Meanwhile, take a look at the correlation between housing prices with the more walkable cities (like Palo Alto and Menlo Park that you mentioned). I won't be buying a house in any dense part of Palo Alto any time soon.

> years ago, I did go out clubbing in SF while staying in Santa Cruz without having a car to get me back - if you want it bad enough, even that works

No, it won't work unless you're paying hundreds for a cab, you get a friend to drive you, or you head home at like 6 in the evening. AFAIK, there's really no other way to do that (and transit on google maps isn't coming up with anything short of "wait 6 hours for transfer to bus").

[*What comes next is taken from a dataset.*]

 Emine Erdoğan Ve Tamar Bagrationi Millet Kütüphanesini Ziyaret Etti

I would say Caltrain having its last train at midnight is an even worst feature than its operating schedule.

> So, yes: Spoiled. Large parts of the worlds population - including in developed countries - are living places where getting to stuff they want or need takes far longer on average.

Sure, but that's a pretty useless definition of spoiled; essentially any non-utilitarian aspect of living would fall under it.

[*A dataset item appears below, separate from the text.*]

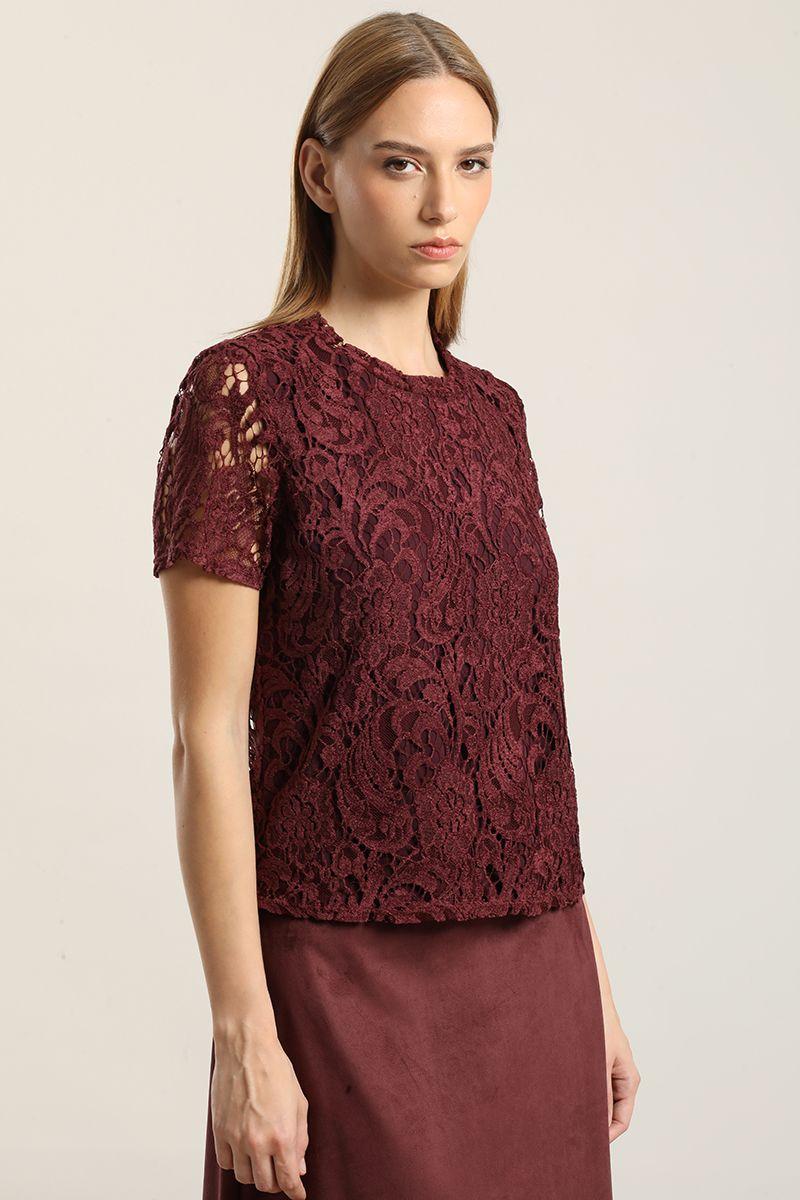 Polera manga corta, encaje, burdeo Liola-2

City planning and public transit exist to encourage good behavior and serve the public. Building walkable neighborhoods is good, building around public transit to make it accessible is also good. When you haven't done these things, "well, you should walk more" isn't going to fly when "buy a car" is so easy, and probably necessary anyways for those few times when the thing you need isn't accessible by public transit.

You're not going to make living in SF seem less cool or convenient any time soon, so all the current system is doing is encouraging car use and this private bus system.

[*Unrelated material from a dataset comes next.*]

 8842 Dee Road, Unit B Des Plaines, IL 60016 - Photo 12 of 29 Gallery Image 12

-- non-car-owner considering moving up to SF because he's sick of using zipcar so often and commuting all weekend to see friends up in the city

I don't know what you're replying to, really. I was pointing out that when GP found it unfair for people to be called spoiled for wanting to live in the centre of SF because the rest of the Bay Area is somehow a desolate wasteland where you'll need to "endure" the horros of 10-18 minute drives, that was pretty much demonstrating exactly why some of us thinks people complaining about that are spoiled.

As such I won't address most of the points of your reply, as I happen to agree with most of them - they just aren't very relevant to the point of comment. Again: I'm not arguing it wouldn't be better with more public transport, nor that Bay Area's public transport is good enough, nor that it's not more convenient if you have a car. I am arguing, however, that there are large areas of the Bay Area outside of SF that are perfectly liveable even for someone like me without a drivers license, and that a large part of the reason why people whine about the cost of living in SF is exactly that they are spoilt. If it's possible to live in these areas without a car, it is certainly possible to live very well in these places with one.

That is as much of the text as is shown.